Python Data Descriptor With Pass-through __set__ command

Question

I'm having a bit of an issue solving a problem I'm looking at. I have a specialized set of functions which are going to be in use across a program, which are basically dynamic callables which can replace functions and methods. Due to the need to have them work properly to emulate the functionality of methods, these functions override __get__ to provide a wrapped version that gives access to the retrieving object.

Unfortunately, __get__ does not work if the function is set directly on an instance. This is because only "data descriptors" call the __get__ function when the key is found in the __dict__ of an instance. The only solution to this that comes to mind is: trick python into thinking this is a data descriptor. This involves creating a __set__ function on the descriptor. Ideally, I want this __set__ function to work as a pass-through (returns control to the caller and continues evaluating as if it doesn't exist).

Is there any way to trick python into thinking that a descriptor is a data descriptor but letting a containing class/instance still be able to use its setattr command as normal?

Also, I am aware that it is possible to do this with an override of __getattribute__ for the caller. However, this is a bad solution because I would have to do this for the 'object' built-in and anything that overrides it. Not exactly a great solution.

Alternatively, if there is any alternative solution I would be happy to hear it.

Here is a problem example:

class Descriptor(object):  
    def __get__(self, obj, objtype = None):  
        return None  

class Caller(object):  
    a = Descriptor()  

print a  
>>> None  
x = Caller()  
print a
>>> None
x.a = Descriptor()
print x.a
>>> <__main__.Descriptor object at 0x011D7F10>  

---

The last case should print 'None' to maintain consistency.

If you add a __set__ to the Descriptor, this will print 'None' (as desired). However, this messes up any command of x.a = (some value) from working as it had previously. Since I do not want to mess up this functionality, that is not helpful. Any solutions would be great.
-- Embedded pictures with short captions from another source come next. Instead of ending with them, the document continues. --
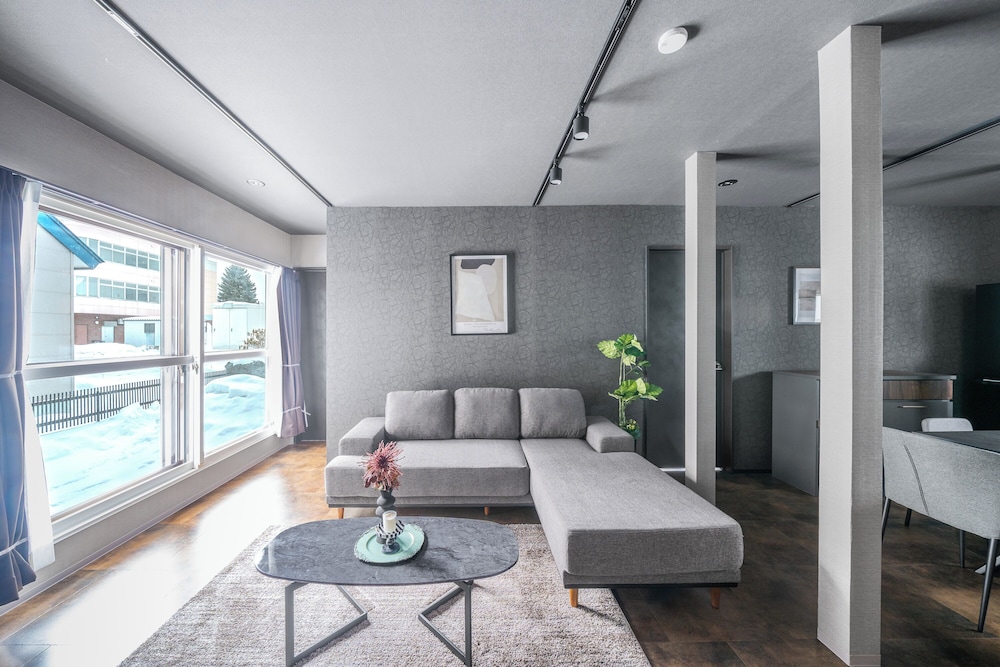 アパートメント リビング エリア4 | PRUNOIA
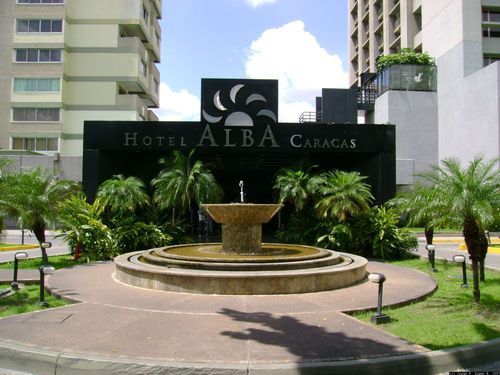 Alba Caracas Hotel Exterior foto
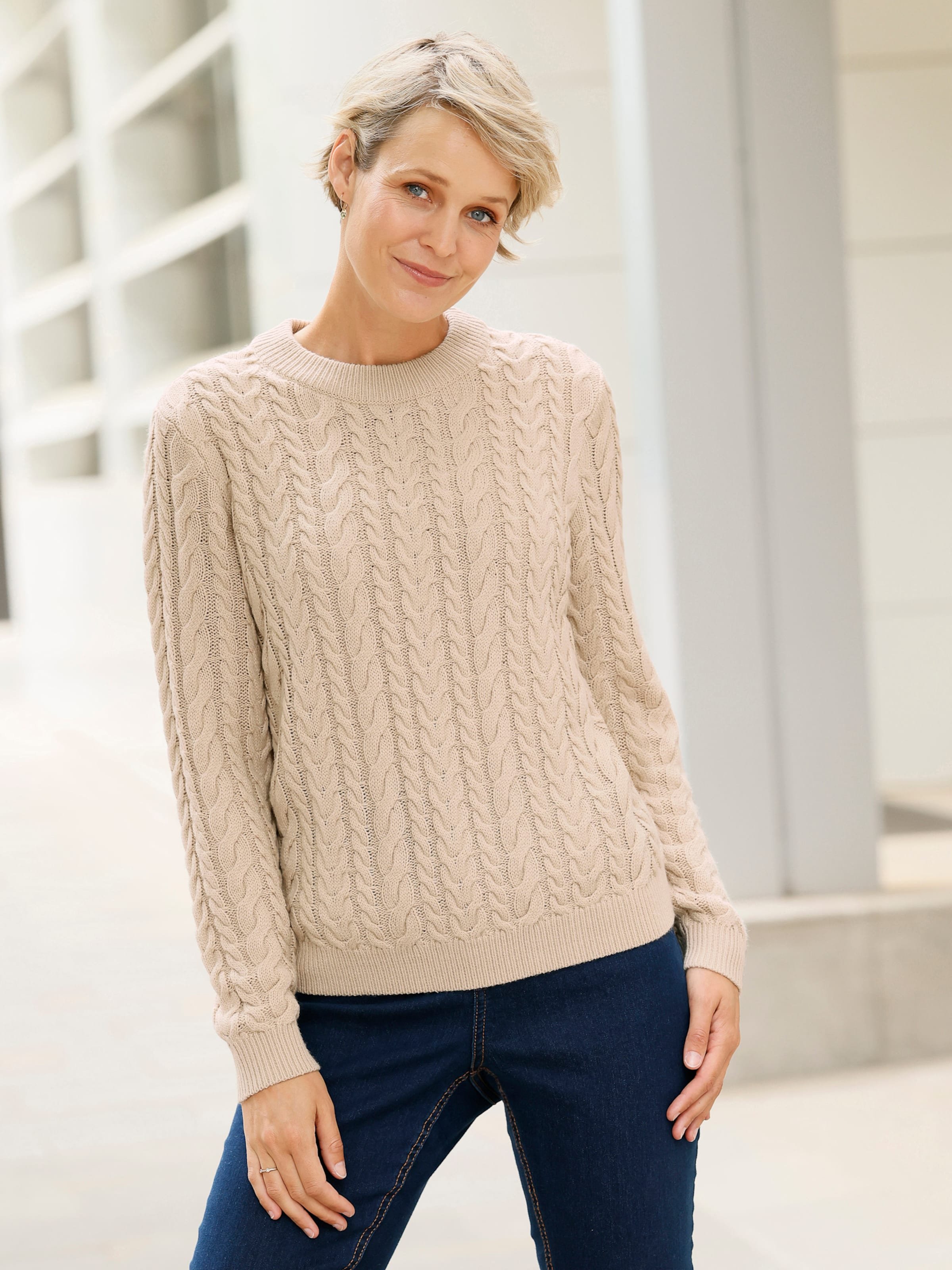 Thumbnail - Langarm-Pullover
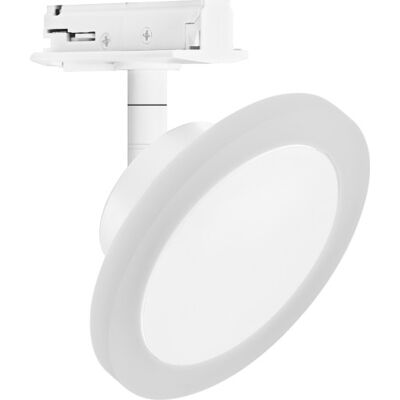 Osram Smart+ Wifi Tracklight Circle Skinnespot, Justerbar Hvid, Hvid Osram Smart+ Wifi Tracklight Circle Skinnespot, Justerbar Hvid, Hvid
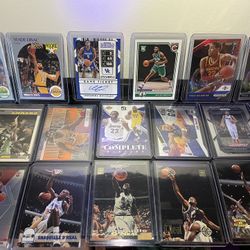 Nba Basketball Card Lot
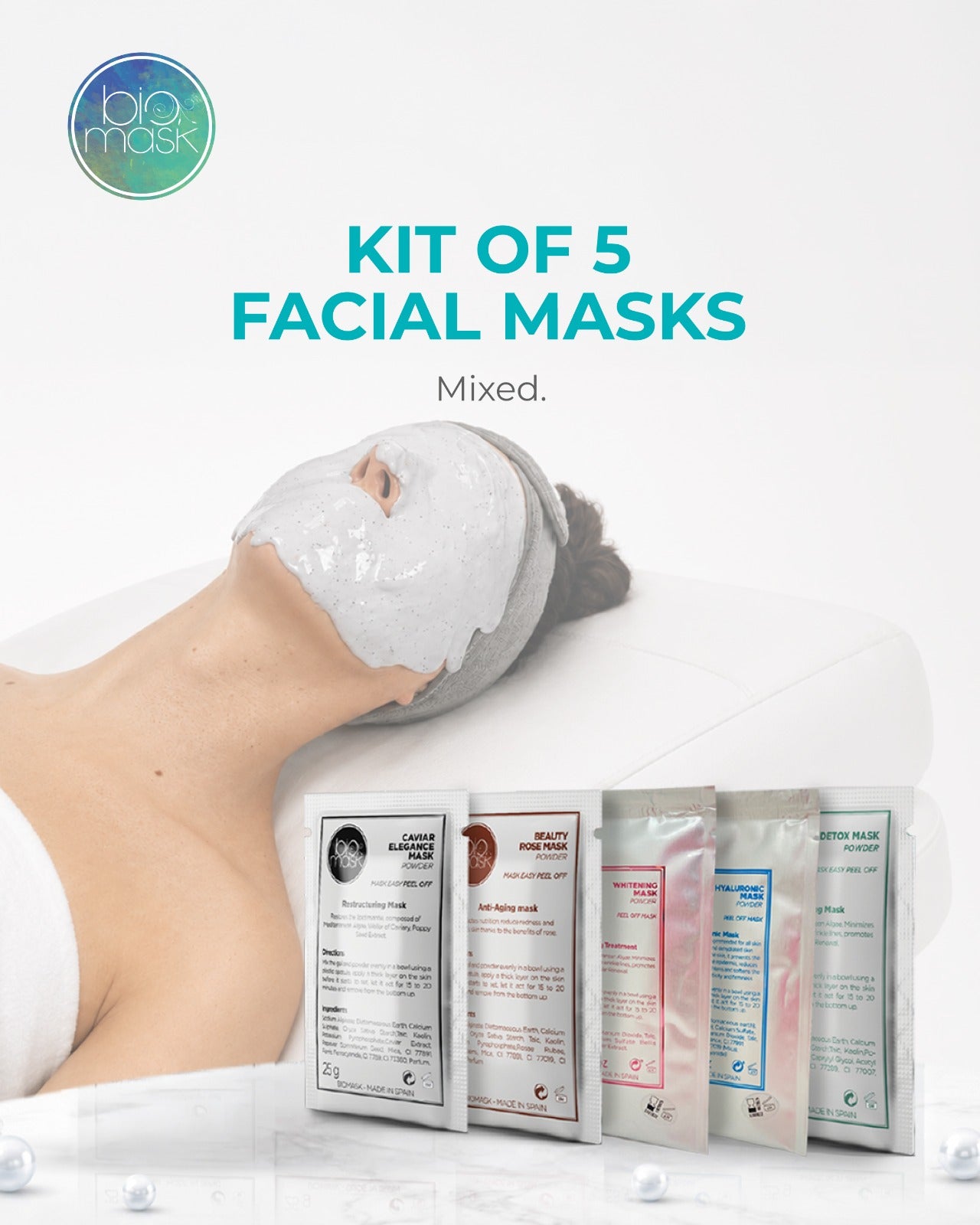 Biomask Face Mask Kit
Correction: My prior idea would still not work, as I misunderstood the descriptor handling slightly. Apparently if a descriptor is not on a class at all, it will never be called- regardless of the set. The condition I had only helps if there is a dict val and a class accessor of the same name. I am actually looking for a solution more along the lines of: http://blog.brianbeck.com/post/74086029/instance-descriptors but that does not involve having everything under the sun inherit a specialized interface.

Unfortunately, given this new understanding of the descriptor interface this may not be possible? Why oh why would python make decorators essentially non-dynamic?

Answer 1

I think I may have one answer to my question, though it's not all that pretty- it does sidestep the issue. My current plan of attack is to do what python does- bind the functions manually. I was already using my unbound function's get command to generate bound-type functions. One possible solution is to force anybody who wants to set a new function to manually bind it. It's annoying but it's not crazy. Python actually makes you do it (if you just set a function onto an instance as an attribute, it doesn't become bound).

It would still be nice to have this happen automatically, but it's not awful to force someone who is setting a new function to use x.a = Descriptor().get(x) which in this case will give the desired behavior (as well as for the example, for that matter). It's not a general solution but it will work for this limited problem, where method binding was being emulated basically. With that said, if anybody has a better solution I'd still be very happy to hear it.

Answer 2

I think the cleanest solution is to leave __set__ alone, and set the descriptor on the class -- wrapping the original class if needed. I.e., instead of x.a = Descriptor(), do setdesc(x, 'a', Descriptor() where:

class Wrapper(object): pass

def setdesc(x, name, desc):
  t = type(x)
  if not issubclass(t, wrapper):
    class awrap(Wrapper, t): pass
    x.__class__ = awrap
  setattr(x.__class__, name, desc)

This is the general approach I suggest when somebody wants to "set on an instance" anything (special method or descriptor) that needs to be set on the class to work, but doesn't want to affect the instance's original class.

Of course, it all works well only if you have new-style classes, but then descriptors don't really play well with old-style classes anyhow;-).